(Raw data begins)

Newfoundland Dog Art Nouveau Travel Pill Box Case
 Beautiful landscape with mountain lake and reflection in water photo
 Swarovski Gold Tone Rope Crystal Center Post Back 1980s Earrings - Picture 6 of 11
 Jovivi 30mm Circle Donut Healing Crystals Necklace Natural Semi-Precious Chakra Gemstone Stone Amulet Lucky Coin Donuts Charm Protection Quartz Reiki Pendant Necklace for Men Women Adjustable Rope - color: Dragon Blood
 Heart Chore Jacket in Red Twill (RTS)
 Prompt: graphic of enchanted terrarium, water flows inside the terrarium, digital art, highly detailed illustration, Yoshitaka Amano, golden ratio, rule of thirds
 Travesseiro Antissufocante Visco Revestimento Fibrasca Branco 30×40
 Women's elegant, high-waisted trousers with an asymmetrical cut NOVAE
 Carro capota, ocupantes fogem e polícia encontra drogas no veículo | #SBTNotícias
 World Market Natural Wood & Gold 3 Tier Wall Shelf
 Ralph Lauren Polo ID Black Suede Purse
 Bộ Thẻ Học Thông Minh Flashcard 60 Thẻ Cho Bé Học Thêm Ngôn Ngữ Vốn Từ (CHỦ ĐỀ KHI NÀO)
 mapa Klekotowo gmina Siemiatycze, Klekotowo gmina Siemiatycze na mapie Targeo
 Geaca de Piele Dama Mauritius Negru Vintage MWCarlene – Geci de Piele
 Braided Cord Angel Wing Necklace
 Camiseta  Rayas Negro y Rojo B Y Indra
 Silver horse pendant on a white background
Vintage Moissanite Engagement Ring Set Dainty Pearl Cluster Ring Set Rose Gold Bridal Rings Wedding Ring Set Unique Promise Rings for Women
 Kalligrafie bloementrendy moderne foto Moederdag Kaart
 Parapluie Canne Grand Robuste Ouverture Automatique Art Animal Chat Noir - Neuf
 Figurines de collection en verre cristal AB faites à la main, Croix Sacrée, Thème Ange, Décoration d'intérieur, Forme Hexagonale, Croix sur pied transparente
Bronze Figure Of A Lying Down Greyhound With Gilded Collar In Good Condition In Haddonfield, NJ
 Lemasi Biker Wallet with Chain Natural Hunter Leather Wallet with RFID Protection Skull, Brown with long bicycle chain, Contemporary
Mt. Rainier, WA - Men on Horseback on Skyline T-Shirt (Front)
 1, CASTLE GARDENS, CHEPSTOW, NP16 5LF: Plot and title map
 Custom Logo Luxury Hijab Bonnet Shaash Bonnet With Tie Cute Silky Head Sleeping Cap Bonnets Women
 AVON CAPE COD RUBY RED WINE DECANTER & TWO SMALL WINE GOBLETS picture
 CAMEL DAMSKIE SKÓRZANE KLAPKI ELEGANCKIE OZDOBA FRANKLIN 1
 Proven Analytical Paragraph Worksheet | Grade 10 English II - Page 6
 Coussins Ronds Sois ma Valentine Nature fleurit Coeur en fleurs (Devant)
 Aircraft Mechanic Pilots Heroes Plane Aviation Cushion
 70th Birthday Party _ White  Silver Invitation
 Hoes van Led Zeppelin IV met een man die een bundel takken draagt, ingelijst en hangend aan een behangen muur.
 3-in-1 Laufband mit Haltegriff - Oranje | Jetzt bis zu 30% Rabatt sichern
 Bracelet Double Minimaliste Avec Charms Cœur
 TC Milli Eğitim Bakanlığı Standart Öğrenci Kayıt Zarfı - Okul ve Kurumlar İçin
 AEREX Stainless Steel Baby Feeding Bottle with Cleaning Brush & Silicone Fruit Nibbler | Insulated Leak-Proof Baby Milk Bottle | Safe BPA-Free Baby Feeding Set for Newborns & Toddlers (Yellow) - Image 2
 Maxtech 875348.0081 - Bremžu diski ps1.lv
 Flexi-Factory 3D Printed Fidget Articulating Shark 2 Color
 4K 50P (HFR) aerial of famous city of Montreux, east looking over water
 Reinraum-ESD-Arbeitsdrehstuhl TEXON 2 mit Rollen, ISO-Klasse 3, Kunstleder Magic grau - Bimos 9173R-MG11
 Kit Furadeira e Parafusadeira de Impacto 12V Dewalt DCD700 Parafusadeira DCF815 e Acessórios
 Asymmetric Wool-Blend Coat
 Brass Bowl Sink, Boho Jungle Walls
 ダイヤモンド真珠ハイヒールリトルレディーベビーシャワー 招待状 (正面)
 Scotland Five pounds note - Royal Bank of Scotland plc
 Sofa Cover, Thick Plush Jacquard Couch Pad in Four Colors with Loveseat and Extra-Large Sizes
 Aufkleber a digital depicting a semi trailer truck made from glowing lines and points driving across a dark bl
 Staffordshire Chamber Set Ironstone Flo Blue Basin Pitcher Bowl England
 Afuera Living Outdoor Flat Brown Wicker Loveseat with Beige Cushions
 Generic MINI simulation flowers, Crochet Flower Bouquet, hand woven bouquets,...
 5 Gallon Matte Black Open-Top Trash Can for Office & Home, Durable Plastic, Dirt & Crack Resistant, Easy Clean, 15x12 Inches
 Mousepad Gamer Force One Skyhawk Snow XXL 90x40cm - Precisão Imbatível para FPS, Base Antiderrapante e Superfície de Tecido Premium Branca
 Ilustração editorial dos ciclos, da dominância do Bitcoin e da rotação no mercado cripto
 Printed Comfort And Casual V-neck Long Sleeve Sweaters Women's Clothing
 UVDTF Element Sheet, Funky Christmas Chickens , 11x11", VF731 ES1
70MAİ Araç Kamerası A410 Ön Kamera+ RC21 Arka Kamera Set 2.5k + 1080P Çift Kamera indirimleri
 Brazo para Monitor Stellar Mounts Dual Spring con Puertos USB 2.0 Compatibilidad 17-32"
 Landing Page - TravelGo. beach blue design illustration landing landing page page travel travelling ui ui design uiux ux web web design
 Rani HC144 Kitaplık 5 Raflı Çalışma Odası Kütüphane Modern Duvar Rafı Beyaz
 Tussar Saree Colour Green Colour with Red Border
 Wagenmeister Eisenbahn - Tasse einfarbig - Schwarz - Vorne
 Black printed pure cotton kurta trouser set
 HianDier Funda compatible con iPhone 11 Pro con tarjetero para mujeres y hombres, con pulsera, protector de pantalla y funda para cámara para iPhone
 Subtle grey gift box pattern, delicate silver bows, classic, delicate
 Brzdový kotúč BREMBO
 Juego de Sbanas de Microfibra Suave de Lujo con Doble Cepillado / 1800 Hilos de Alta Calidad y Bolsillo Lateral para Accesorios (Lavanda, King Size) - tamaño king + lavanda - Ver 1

(Raw data ends)

> _The problem_:
In the data above, find the line that contains "Kit Furadeira e" and the line that contains "Sofa Cover, Thick". Repeat exactly those lines and every line between them, and only those.

> _Solution to this problem_:
 Kit Furadeira e Parafusadeira de Impacto 12V Dewalt DCD700 Parafusadeira DCF815 e Acessórios
 Asymmetric Wool-Blend Coat
 Brass Bowl Sink, Boho Jungle Walls
 ダイヤモンド真珠ハイヒールリトルレディーベビーシャワー 招待状 (正面)
 Scotland Five pounds note - Royal Bank of Scotland plc
 Sofa Cover, Thick Plush Jacquard Couch Pad in Four Colors with Loveseat and Extra-Large Sizes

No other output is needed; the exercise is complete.